• [What to do]:
Send back the records exactly as written, with no images.

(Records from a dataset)
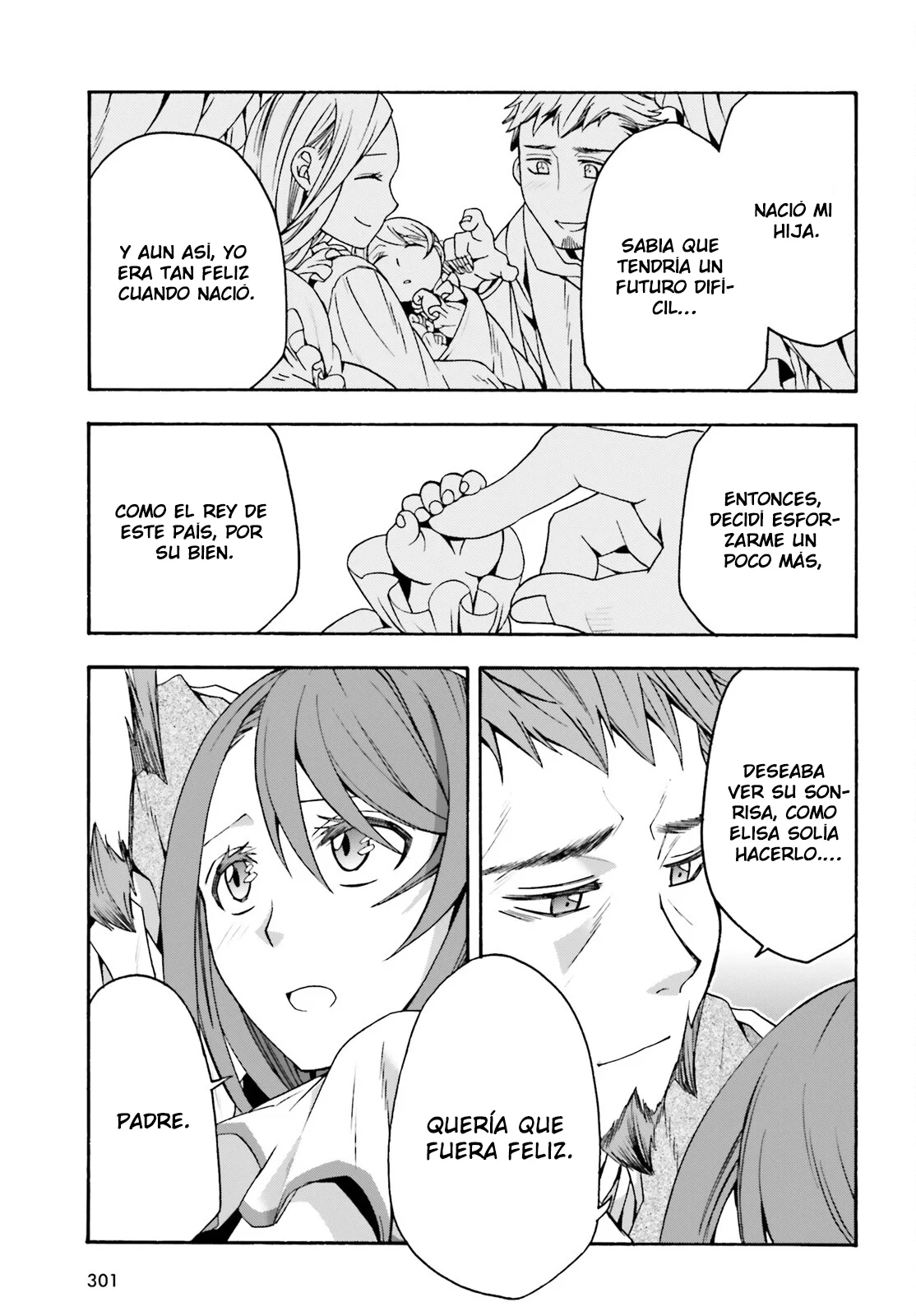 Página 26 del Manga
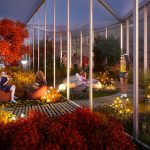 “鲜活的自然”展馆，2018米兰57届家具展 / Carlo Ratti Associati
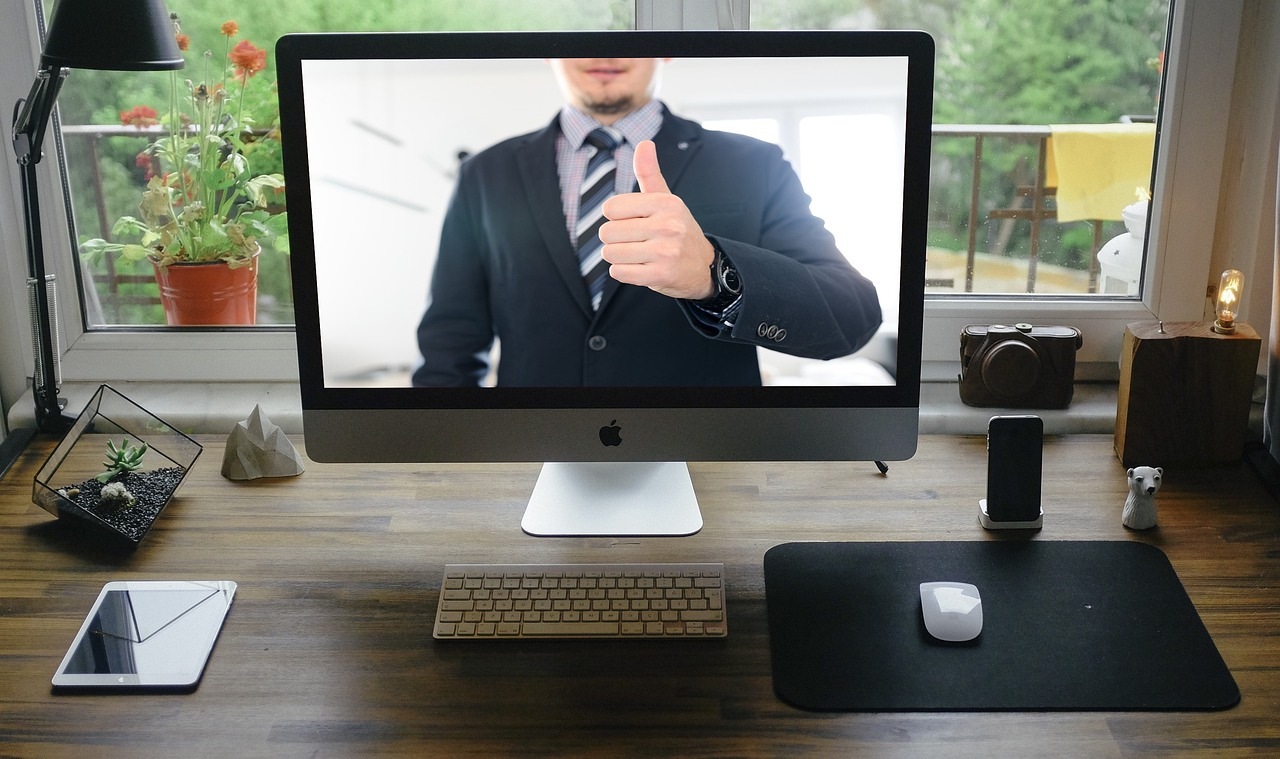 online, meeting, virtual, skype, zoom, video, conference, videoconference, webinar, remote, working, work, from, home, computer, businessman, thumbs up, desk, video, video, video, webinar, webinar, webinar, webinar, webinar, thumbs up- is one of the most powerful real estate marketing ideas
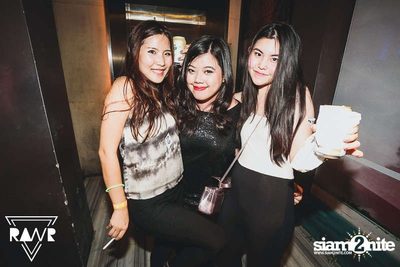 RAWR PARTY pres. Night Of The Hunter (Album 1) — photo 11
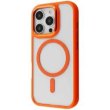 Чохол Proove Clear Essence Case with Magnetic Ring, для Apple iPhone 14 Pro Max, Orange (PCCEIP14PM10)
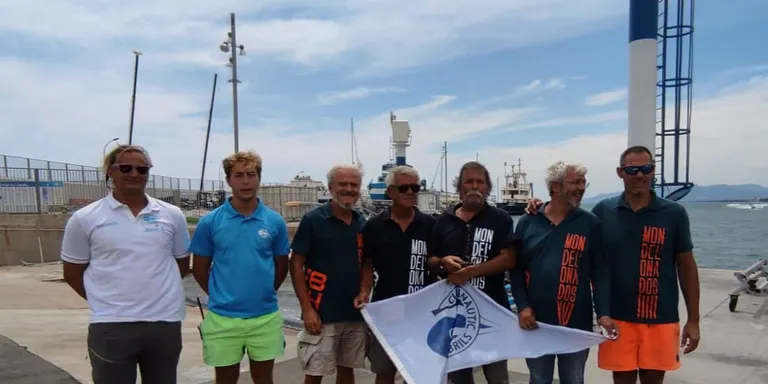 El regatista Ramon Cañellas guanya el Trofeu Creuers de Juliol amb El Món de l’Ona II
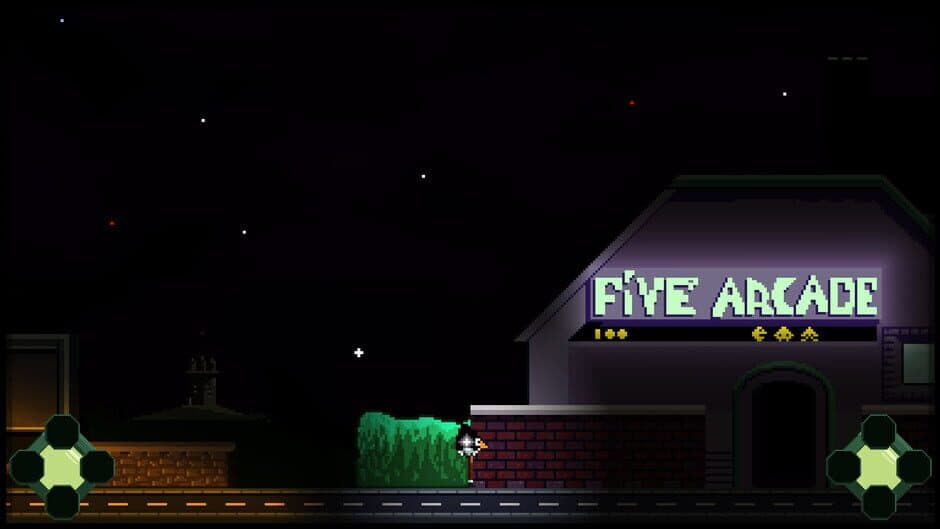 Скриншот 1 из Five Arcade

• [Final answer]:
 Página 26 del Manga
 “鲜活的自然”展馆，2018米兰57届家具展 / Carlo Ratti Associati
 online, meeting, virtual, skype, zoom, video, conference, videoconference, webinar, remote, working, work, from, home, computer, businessman, thumbs up, desk, video, video, video, webinar, webinar, webinar, webinar, webinar, thumbs up- is one of the most powerful real estate marketing ideas
 RAWR PARTY pres. Night Of The Hunter (Album 1) — photo 11
 Чохол Proove Clear Essence Case with Magnetic Ring, для Apple iPhone 14 Pro Max, Orange (PCCEIP14PM10)
 El regatista Ramon Cañellas guanya el Trofeu Creuers de Juliol amb El Món de l’Ona II
 Скриншот 1 из Five Arcade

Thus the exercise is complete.